Крайне негативное представление о второй половине 1930-х годов основывается, естественно, и на памяти о страшном «1937-м», – вернее, 1937–1938 годах, когда обрушился вал репрессий. Я стремился раскрыть суть совершавшегося тогда в пространном исследовании «Загадка 1937 года», здесь же скажу только о том, что в 1990-х годах жертвы 1937 года, во-первых, фантастически преувеличивали (говорилось о десятках миллионов репрессированных), а во-вторых, умалчивали, что репрессии были направлены, главным образом, против членов ВКП(б). В 1937–1938 годах по политическим обвинениям были осуждены 1 344 923 человека, что составляло 0,8 % от тогдашнего населения страны.
Да, цепная реакция репрессий становилась неуправляемой и захватывала в том числе и тех, кто не был их настоящей мишенью.
В моем семейном кругу был репрессирован один человек – член партии и комкор С. В. Пузицкий, но я, признаюсь, интересовался в то время не им, а автомашиной, на которой он приезжал, ибо легковых автомобилей было тогда крайне мало, а в переулке, где я жил, они вообще не появлялись.
После ареста Сергея Васильевича в доме, вполне понятно, было беспокойство – уничтожались какие-то бумаги и, кроме того, (я это хорошо помню) извлекли из сундука шпагу В. А. Пузицкого (она полагалась чиновникам для парадных церемоний), сломали и куда-то бросили.
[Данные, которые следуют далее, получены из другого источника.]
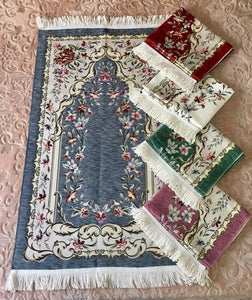 Tapis de prière floral luxueux turc islamique Chenille Janamaz Sajjada, tapis de prière, cadeau musulman unique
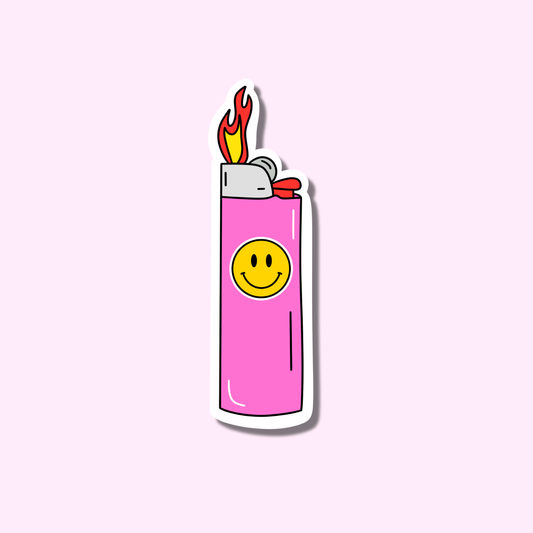 Smiley aansteker ★ sticker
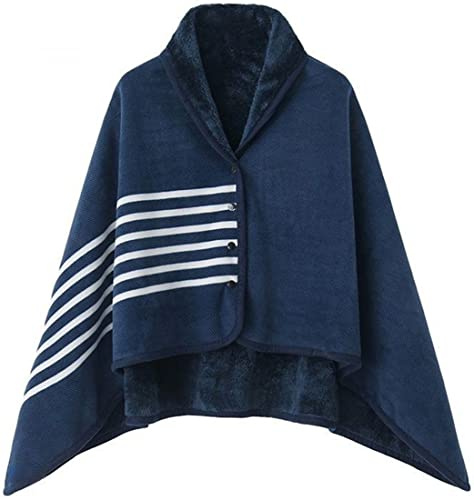 WINKEEY Poncho delle donne, mantello caldo invernale, maglia Cape Cardigan per le donne, Wrap Open Front Cape, coperta calda invernale, coperta in pile spessa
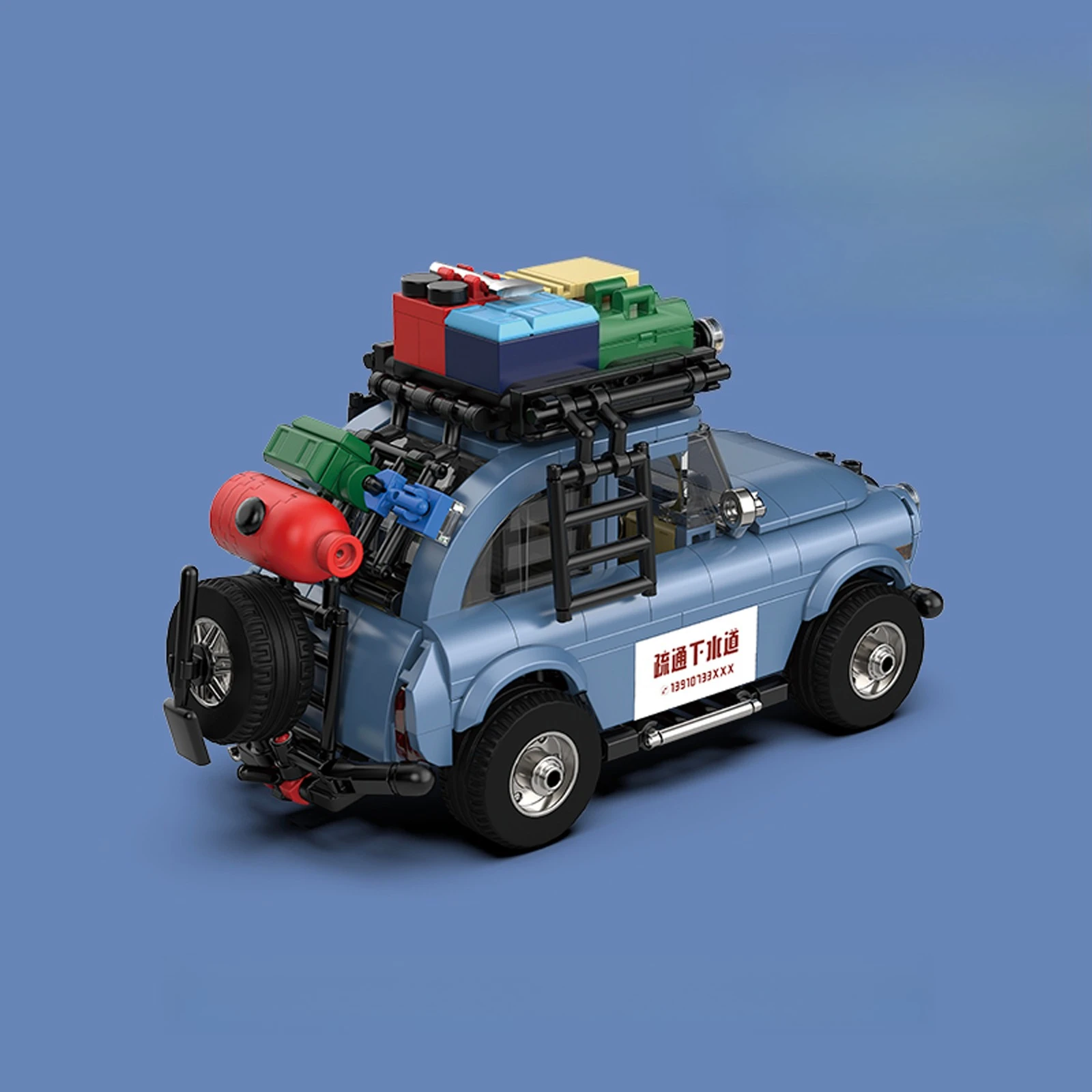 MOC アンロックアウトサービスカーモデルビルディングブロックディスプレイケース付き PB8859 組み立て済み食品車両コレクタブルおもちゃミニレンガギフト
Из подслушанных мной разговоров отца с матерью я знал, что арестованы директор и секретарь парткома того проектного треста, в котором мой отец был главным инженером. Ранее я видел этих людей, так как отец брал меня с собой на праздничные демонстрации и вечера в здание треста (на этих вечерах я даже «выступал» с чтением стихов. Сам отец уцелел, возможно, потому, что до 1939 года не состоял в партии…
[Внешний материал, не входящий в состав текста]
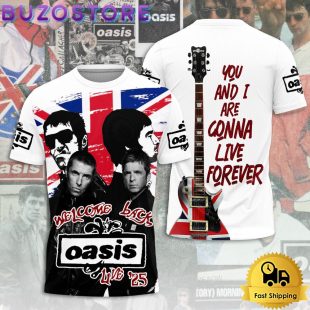 Oasis Welcome Back Live 2025 All Over Print T Shirt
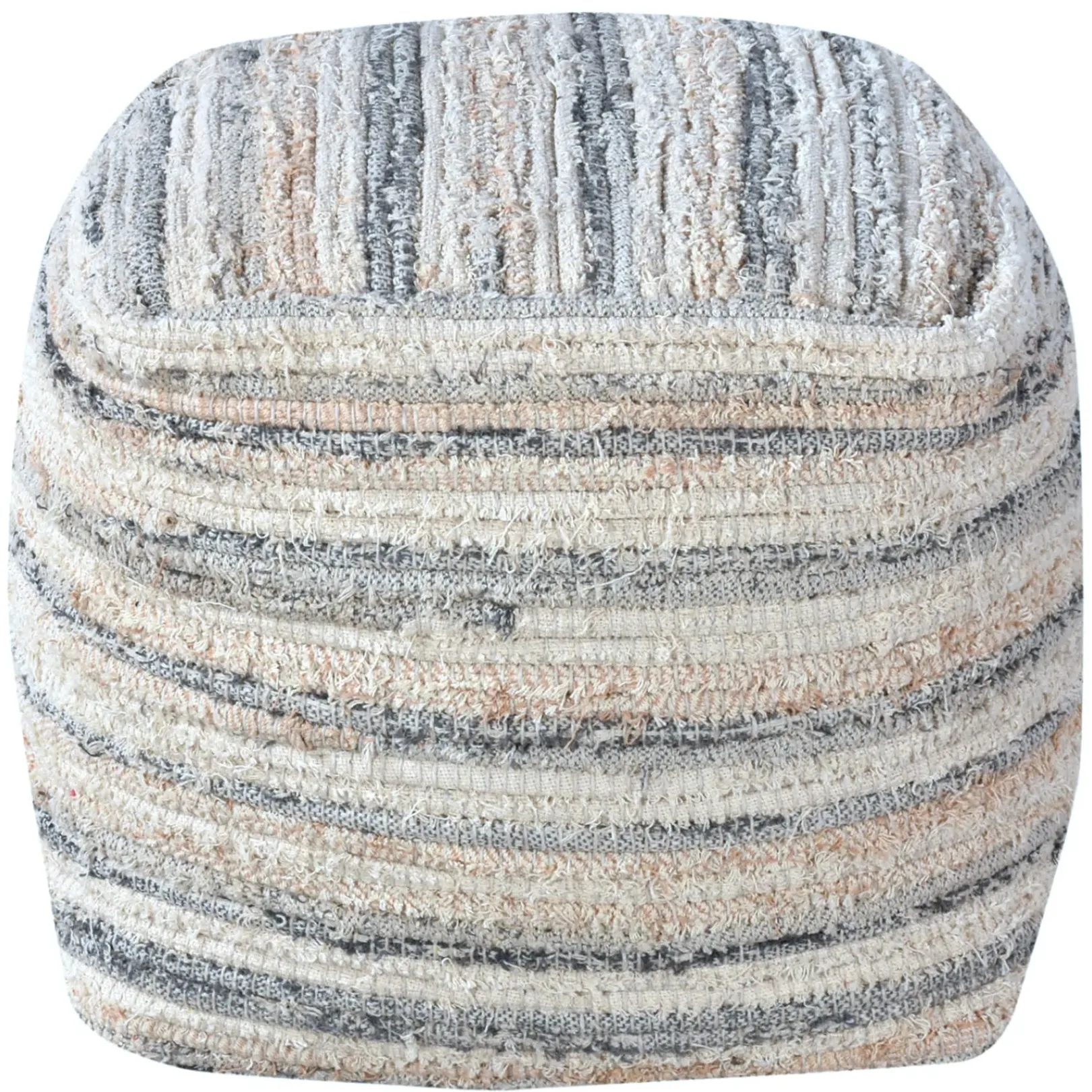Honeybloom Grey & Cream Pouf Opening Sales Ottomans & Poufs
Как и многие мальчики, я увлекался армией и на стене у моей кровати красовались портреты тогдашних маршалов. Время от времени отец снимал и уничтожал один из них. После удаления портрета Тухачевского я с дурной претензией на юмор сказал, что Тухачевский, наверное, протух, но отец сердито отмахнулся.
Наконец, еще одна врезавшаяся в память сцена. Я гулял в сквере вблизи моего дома и обратил внимание на сидевшего на скамейке человека в редкостной для того времени яркой, роскошной одежде. Когда я отошел от него шагов на тридцать, раздался какой-то звук. Я оглянулся и, всмотревшись, понял, что он застрелился: голова его запрокинулась, а рядом с его упавшей на скамейку правой рукой лежал револьвер. Вскоре откуда-то быстрыми шагами подошел милиционер, забрал револьвер и удалился – вероятно, чтобы вызвать транспорт. Едва ли можно усомниться, что самоубийца был ожидавшим ареста высокопоставленным лицом; известно, что так поступало тогда немало людей, начиная с бывшего члена Политбюро М. П. Томского и начальника Политуправления Красной армии Я. Б. Гамарника.
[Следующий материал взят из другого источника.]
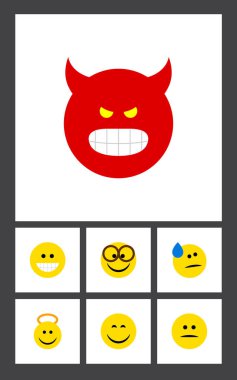 Gülüşü, gülümseme, somurtmak, düz simgesi hareket kümesini ve diğer vektör nesneleri. Gülümseme, kızgın, sırıtış öğeleri de içerir.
Ныне постоянно утверждается, что во второй половине 1930-х годов в стране царила атмосфера всеобщего страха и подавленности. Как явствует из воспоминаний людей, принадлежавших так или иначе к правящему слою (прежде всего партийному), в нем это действительно имело место, но среди окружавших меня людей были только отдельные проявления тревоги и обеспокоенности. Могут возразить, что я был тогда слишком мал, однако дети, так или иначе, воспринимают настроенность взрослых.
Гораздо большую тревогу порождало все явственнее осознаваемое приближение войны. Лето 1939 года мы с матерью – в конце лета к нам присоединился и отец – провели в Крыму, сняв комнату в селении Отузы недалеко от Коктебеля, а, как известно, 1 сентября германские войска вторглись в Польшу. Началось прямо-таки паническое бегство людей, отдыхавших в Крыму. С большим трудом отец добыл билеты на поезд, и нам троим досталась одна нижняя полка в общем вагоне. Ночью родители спали сидя, я же, девятилетний, клал голову на колени матери, а тело размещалось на трети полки.
* * *Разумеется, репрессии 1937-го были поистине чудовищным явлением. Как я стремился показать в своем исследовании «Загадка 1937 года», основная причина того, что тогда произошло, заключалась в совершавшемся с середины 1930-х годов чрезвычайно существенном изменении экономического, политического и идеологического курса, которое привело к самой широкой замене руководящих кадров сверху и донизу. То же самое происходило через два десятилетия во второй половине 1950-х – начале 1960-х годов, но в то время прежних руководителей, за немногими исключениями (Берия и др.) лишали их высоких постов или отравляли на пенсию, а в 1937-м – в лагеря или прямо в могилы. Это было следствием еще не иссякнувшей революционной беспощадности, в намного больших масштабах, проявившей себя в Гражданскую войну и в период коллективизации.
Многие противники той смены курса, которая свершалась с середины 1930-х, начиная с высланного из СССР Троцкого, – не без оснований, квалифицировали ее как «контрреволюцию» или «реставрацию». И, скорее, осуществленное в 1935 году восстановление дореволюционных – «царских» – воинских званий нельзя понять иначе.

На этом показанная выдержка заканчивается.